WASHINGTON — A taxpayer with a marginal income tax rate of 7.5% would have been indifferent to purchasing high-rated tax-exempt or taxable corporate bonds last year because there was only a .35% spread between these bonds, a joint Congressional committee concluded in a report issued Monday.

The Aaa-rated corporate bond rate averaged 4.64% while the rate for high-grade munis averaged 4.29%, according to the report. Those with higher income rates would have benefited more from buying tax-exempt bonds and those with lower rates should have bought corporate bonds, the 52-page report by the Joint Committee on Taxation suggests.

The 7.5% implied tax rate of the marginal investor for 2011 — that is, the rate at which there would be the about the same benefit for an investor purchasing a high-grade muni or high grade corporate bond — is much lower than the 15.8% implied tax rate for 2010 and 12.6% rate for 2009, according to the JCT.

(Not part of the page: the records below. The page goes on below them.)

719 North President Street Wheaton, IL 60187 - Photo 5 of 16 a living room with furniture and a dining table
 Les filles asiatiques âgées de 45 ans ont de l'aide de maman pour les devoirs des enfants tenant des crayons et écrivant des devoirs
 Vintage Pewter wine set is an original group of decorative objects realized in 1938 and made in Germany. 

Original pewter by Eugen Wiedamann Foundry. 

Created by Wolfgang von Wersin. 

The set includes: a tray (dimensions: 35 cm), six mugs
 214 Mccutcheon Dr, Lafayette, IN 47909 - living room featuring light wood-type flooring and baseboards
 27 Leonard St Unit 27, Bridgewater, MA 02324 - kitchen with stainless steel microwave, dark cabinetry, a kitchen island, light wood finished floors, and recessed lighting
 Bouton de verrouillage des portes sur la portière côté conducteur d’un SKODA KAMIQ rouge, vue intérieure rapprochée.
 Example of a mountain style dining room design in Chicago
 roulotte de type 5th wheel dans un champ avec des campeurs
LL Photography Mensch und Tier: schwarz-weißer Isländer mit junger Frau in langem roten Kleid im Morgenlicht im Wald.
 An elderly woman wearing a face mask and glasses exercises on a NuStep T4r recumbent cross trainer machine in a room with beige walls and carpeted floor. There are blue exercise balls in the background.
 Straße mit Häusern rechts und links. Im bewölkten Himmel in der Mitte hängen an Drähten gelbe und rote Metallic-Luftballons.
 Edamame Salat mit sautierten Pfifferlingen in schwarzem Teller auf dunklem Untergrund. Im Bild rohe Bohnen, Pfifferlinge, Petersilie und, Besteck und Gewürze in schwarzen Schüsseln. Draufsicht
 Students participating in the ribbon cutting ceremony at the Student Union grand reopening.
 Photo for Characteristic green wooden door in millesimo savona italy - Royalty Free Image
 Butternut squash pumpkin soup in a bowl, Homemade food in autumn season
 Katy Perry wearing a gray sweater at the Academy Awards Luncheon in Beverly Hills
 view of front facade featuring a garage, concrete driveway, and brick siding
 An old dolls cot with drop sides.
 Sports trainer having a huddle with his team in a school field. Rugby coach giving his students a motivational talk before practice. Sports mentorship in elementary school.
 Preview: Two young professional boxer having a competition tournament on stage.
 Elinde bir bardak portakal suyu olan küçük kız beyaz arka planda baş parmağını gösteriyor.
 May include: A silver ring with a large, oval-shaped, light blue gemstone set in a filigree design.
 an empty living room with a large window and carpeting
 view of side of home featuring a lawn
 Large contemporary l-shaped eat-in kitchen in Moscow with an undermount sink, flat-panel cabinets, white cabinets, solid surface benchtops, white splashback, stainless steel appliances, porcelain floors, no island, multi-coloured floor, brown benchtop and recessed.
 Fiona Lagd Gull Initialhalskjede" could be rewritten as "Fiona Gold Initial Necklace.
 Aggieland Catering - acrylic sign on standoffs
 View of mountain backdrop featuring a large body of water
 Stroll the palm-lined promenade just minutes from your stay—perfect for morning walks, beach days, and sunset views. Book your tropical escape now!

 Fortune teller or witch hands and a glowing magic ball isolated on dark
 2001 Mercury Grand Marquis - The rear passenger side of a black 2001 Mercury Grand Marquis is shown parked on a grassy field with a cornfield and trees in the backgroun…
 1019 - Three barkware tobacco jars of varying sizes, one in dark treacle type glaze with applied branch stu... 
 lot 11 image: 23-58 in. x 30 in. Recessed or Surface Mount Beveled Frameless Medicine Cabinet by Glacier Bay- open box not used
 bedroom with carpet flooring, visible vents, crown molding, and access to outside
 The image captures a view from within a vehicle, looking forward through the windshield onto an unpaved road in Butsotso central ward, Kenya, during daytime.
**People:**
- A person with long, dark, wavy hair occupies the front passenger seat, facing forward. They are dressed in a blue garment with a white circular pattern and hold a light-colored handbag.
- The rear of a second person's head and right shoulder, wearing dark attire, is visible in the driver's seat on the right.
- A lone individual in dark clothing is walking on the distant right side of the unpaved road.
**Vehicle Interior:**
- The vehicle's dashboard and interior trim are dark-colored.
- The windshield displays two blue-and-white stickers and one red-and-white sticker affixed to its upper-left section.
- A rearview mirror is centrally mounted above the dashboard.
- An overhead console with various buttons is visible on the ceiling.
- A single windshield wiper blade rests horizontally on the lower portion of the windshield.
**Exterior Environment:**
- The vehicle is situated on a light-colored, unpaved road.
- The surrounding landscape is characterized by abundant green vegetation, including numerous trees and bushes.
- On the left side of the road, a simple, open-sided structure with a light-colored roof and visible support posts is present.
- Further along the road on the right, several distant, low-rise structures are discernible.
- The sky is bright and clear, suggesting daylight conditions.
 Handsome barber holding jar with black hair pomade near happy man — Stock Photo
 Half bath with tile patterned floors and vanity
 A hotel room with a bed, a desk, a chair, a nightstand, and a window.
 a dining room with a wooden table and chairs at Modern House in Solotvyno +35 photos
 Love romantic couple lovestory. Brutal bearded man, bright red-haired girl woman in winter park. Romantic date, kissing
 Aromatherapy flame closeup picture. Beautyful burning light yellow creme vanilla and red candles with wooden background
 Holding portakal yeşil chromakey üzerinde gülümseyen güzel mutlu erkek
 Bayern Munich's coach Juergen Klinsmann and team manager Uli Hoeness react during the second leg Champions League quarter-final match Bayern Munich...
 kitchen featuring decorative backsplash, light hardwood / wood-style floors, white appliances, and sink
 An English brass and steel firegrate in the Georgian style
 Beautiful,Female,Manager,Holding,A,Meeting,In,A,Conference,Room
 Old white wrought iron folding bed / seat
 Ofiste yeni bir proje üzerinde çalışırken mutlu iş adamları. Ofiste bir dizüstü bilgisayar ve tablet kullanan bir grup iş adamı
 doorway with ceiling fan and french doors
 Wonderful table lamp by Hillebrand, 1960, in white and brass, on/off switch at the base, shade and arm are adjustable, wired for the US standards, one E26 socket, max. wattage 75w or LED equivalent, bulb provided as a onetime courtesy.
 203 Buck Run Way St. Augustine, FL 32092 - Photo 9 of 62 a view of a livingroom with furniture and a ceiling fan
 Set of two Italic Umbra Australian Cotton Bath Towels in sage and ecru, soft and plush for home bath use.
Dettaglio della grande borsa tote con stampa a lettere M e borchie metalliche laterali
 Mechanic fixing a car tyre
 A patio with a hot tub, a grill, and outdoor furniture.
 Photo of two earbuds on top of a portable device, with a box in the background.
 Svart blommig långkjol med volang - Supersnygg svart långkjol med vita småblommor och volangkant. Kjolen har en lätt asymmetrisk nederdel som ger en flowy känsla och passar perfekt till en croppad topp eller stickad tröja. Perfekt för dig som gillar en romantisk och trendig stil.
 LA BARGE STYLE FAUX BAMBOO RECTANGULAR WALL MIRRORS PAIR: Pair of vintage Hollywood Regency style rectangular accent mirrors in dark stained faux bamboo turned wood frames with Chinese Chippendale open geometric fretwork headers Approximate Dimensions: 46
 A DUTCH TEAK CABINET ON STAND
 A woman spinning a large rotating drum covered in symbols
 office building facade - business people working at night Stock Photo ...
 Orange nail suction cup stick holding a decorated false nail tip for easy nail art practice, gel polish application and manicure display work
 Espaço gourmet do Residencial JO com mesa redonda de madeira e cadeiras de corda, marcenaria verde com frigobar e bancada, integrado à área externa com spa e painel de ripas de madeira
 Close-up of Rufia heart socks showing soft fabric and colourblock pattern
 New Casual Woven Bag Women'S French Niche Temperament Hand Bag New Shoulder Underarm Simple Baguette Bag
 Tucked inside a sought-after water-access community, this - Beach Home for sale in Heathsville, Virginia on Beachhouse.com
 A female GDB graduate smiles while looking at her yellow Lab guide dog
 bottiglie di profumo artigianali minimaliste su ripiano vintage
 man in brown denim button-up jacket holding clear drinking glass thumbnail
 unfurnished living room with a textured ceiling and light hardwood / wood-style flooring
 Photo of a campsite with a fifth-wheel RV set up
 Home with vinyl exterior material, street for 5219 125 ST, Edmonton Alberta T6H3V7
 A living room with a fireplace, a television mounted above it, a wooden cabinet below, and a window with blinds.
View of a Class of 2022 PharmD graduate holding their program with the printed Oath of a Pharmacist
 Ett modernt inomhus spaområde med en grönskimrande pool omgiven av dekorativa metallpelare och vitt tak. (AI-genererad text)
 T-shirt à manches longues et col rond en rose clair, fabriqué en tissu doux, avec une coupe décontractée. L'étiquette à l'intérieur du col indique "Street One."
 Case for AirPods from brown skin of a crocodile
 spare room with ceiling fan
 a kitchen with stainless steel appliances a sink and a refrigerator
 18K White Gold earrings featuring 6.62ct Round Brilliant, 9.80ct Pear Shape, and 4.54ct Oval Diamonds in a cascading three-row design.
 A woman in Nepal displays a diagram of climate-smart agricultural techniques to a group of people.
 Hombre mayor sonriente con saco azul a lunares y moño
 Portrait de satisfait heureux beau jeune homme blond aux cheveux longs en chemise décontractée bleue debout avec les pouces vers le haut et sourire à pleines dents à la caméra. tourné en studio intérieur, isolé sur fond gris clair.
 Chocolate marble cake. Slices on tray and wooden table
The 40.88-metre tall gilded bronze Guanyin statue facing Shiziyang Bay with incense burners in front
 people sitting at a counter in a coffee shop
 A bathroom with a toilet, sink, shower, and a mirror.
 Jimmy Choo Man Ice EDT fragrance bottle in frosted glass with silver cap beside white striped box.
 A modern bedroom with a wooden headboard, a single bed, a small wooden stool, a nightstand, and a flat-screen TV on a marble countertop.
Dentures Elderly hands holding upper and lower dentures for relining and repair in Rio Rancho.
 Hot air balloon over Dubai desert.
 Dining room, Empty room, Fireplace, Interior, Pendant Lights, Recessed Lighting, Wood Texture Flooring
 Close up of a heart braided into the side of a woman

The lower rate is due to the fact that the issuance of new muni bonds dropped in 2011 to its lowest level in 10 years, the JCT said. In addition, the committee said, reports projecting high default rates of state and local governments and some instances of high-profile defaults by certain issuers increased investors concerns about risks and led them to demand higher rates.

The report also said state and local governments issued an average of $384 billion in tax-exempt bonds annually over the period of 2002 through 2011.

The JCT wrote the report for a hearing the Senate Finance Committee plans to hold on Wednesday on tax reform and what it means for state and local tax and fiscal policy.

The report contains detailed descriptions of tax-exempt bonds, as well as taxable tax credit and direct-pay bonds. It summarizes the tax law requirements for these bonds. It also contains information about state and local tax revenues.

Five witnesses are scheduled to testify at the hearing, which is to begin at 10:00 am, but none of them represent state and local governmental issuers.

The witnesses are: Frank Sammartino, the Congressional Budget Office’s assistant secretary for tax analysis; Kim Rueben, a senior fellow at Urban-Brookings Tax Policy Center; Walter Hellerstein, the Francis Shackelford Distinguished professor of taxation law at the University of Georgia School of Law; Joseph Henchman, vice president of legal and state projects at the Tax Foundation; and Sanford Zinman, owner of Zinman Accounting in White Plains, N.Y.